- Autor: Masłowski Jerzy Andrzej
- Tytuł: Skarb w jeziorze
- Wydawnictwo: Młodzieżowa Agencja Wydawnicza
- Rok wydania: 1989
- Nakład: 35000
- Recenzent: Robert Żebrowski
Wakacje z Niemcami
Jerzy Andrzej Masłowski jest mi pisarzem zupełnie nieznanym. „Skarb w jeziorze” liczy 174 strony, a cena okładkowa to 600 zł (ach, ta galopująca inflacja!).

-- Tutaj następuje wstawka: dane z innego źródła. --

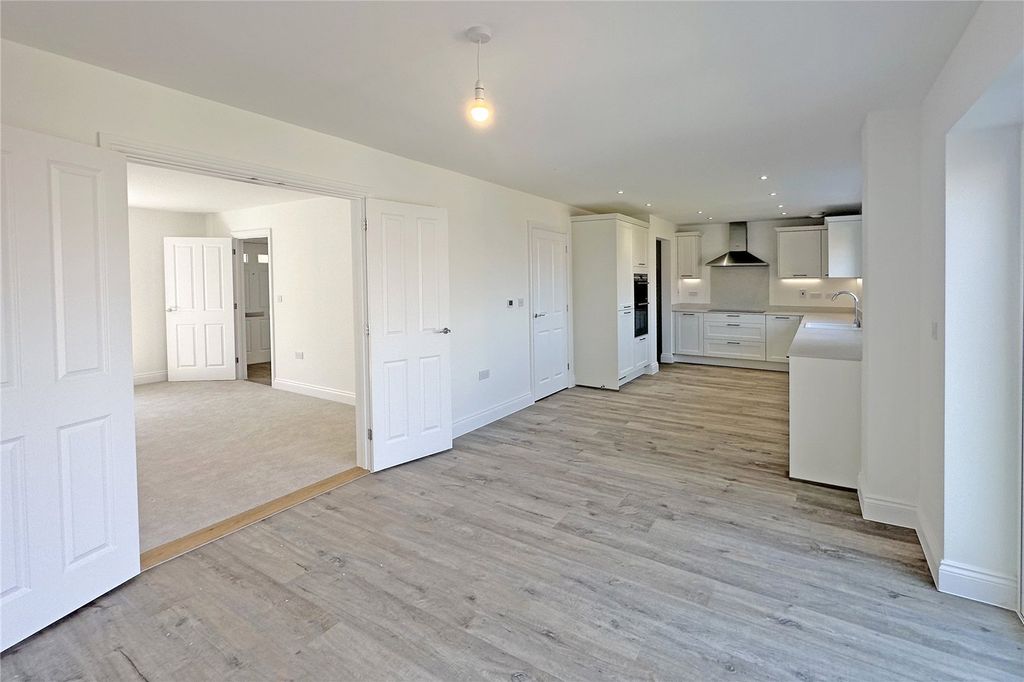 Property photo 2 of 8 Picture No. 19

Narracja prowadzona jest w trzeciej osobie czasu przeszłego.
Akcja toczy się w fikcyjnych Zgierzycach położonych gdzieś w górach, ale kiedy – pojęcia nie mam (nie ma żadnego PRL-ogizmu, który mógłby coś podpowiedzieć).
Tomek, „Cygan”, Maciek i „Tyka” w czasie wakacji wędrowali po górach, by zrealizować zaplanowaną trzystu kilometrową trasę. Trzeciego dnia dotarli do Zgierzyc. Rozbili namiot poza miastem, ale w terenie poznali Kornela Starowiejskiego, historyka i pisarza, mieszkającego tuż przy rynku. Przyjęli jego propozycję, by biwakować na jego podwórku. Chłopcy dowiedzieli się o nieodnalezionych do tej pory, a ukrytych w pierwszych dniach wojny, skarbach z pobliskiego klasztoru Franciszkanów.

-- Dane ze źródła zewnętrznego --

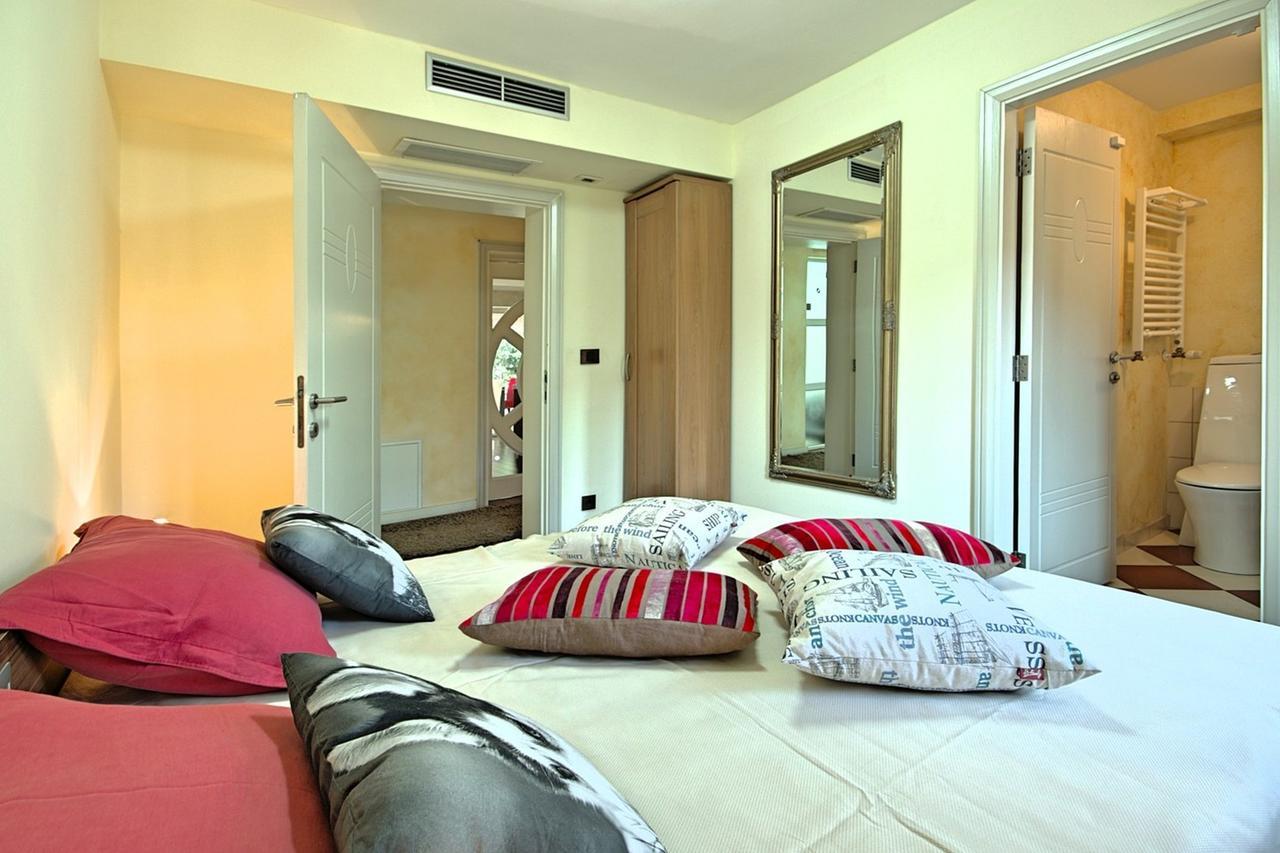 Villa Lidija Poreč Exteriör bild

Tomek nieopodal jeziora podsłuchał rozmowę trzech Niemców, z których jeden – Karl – jak się okazało był synem wysokiego oficera SS, w czasie wojny komendanta miasta Zgierzyce, który zamordował tamtejszych zakonników usiłując wymusić od nich tajemnicę miejsca ukrycia klasztornych skarbów. Jeden z umierających Franciszkanów powiedział, że skarb jest tam, gdzie krzyż odbija się w toni jeziora. Świadkiem mordu był organista Walczak, któremu udało się uciec przed hitlerowcami. Żył on w mieście aż do tej pory. Wcześniej przez wiele lat szukał skarbu, ale bezskutecznie. Teraz połączył swe siły z Niemcami.
Chłopcy – z pomocą Starowiejskiego i przeora klasztoru – ojca Dominika – postanowili odszukać skarb. Któregoś dnia znaleźli, ale … łódkę z zakrwawionym ciałem Walczaka. Niezwłocznie powiadomili miejscowy posterunek milicji, a dyżurujący tam sierżant wraz z kapralem Świtałą od razu podjęli czynności (komendant posterunku był w stopniu kapitana). O zdarzeniu posterunek powiadomił też komendę wojewódzką, która zainteresowała się sprawą.
Chłopcy nadal zawzięcie szukali skarbu, ale przybył im kolejny rywal w postaci pani Anny, która wynajęła pokój u Starowiejskiego. Wyśledzili, że spotyka się ona z typem w czarnych okularach. Rozgrywka pomiędzy tymi trzema grupami zapowiadała się pasjonująco …
Powieść ta to typowy „milicyjniak” młodzieżowy na całkiem niezłym poziomie. Myślę, że i teraz mogłaby się spodobać 10-12-latkom. Dorośli natomiast czytać jej nie muszą, chyba, że w ramach akcji o kryptonimie „Dawnych wspomnień czar”.